Blog of the International Journal of Constitutional Law

What’s New in Comparative Public Law

Rohan Alva, Jindal Global Law School

In this weekly feature, I-CONnect publishes a curated reading list of developments in comparative public law. “Developments” may include a selection of links to news, high court decisions, new or recent scholarly books and articles, and blog posts from around the comparative public law blogosphere.

To submit relevant developments for our weekly feature on “What’s New in Comparative Public Law,” please email contact.iconnect@gmail.com.

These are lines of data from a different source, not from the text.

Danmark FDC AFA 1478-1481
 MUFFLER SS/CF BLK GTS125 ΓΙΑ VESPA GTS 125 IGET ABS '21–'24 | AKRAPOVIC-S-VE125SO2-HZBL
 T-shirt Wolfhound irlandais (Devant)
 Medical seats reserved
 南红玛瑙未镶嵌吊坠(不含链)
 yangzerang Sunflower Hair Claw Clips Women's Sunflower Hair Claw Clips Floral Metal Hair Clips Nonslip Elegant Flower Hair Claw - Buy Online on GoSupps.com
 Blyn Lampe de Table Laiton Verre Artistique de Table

Developments in Constitutional Courts

  1. The Indian Supreme Court has rejected a constitutional challenge to the Juvenile Justice (Care and Protection of Children) Act, holding as constitutionally sound Parliament’s decision to prohibit the trial of any child below the age of eighteen in the adult criminal justice system, creating rather a separate track juvenile justice system.
  2. A court in Turkey has handed down a decision which restrains the Turkish government from banning the use of Twitter.
  3. The Ukrainian Constitutional Court has ruled that the determination of Crimea’s Supreme Council to secede from Ukraine was in violation of Ukraine’s Constitution, even as the Constitutional Court of Russia officially recognized the treaty entered into between Russia and Crimea to be consistent with the Constitution of Russia.
  4. The Constitutional Court of Moldova has declared unconstitutional certain parts of Annex. 1 of the Tax Code’s Title 4.
  5. The legal prohibition in accessing information regarding the drug composition in the “lethal injection” by individuals who have been sentenced to death has been ruled to be unconstitutional by the Oklahoma District Court, citing due process concerns. 

New Scholarship

  1. Mtendeweka Mhango, Constitutional Eighteenth Amendment Bill: An Unnecessary Amendment to the South African Constitution? 35 Statute Law Review 19 (2014) (analyzing some of the shortcomings in the proposed Eighteenth Amendment to South Africa’s Constitution, which seeks to amend constitutional provisions relating to the National Prosecuting Authority)
  2. Pratiksha Baxi, Public Secrets of Law: Rape Trials in India (evaluating the difficulties that arise in redressing complaints of sexual assault in India and the role that state institutions can end up playing in side-lining the victim from the pursuit of justice)
  3. Social Difference and Constitutionalism in Pan-Asia (Susan H. Williams ed.) (a collection of essays which utilize different modes of analysis to identify how constitutions in “Pan-Asia” interact with ethnic and religious variations, among others)
  4. Philip Alston, Against a World Court for Human Rights, Ethics and International Affairs (forthcoming 2014) (critiquing the idea of establishing a World Court to judicially review actions which result in the violation of human rights and analyzing the nature of difficulties that the functioning of such a Court will face)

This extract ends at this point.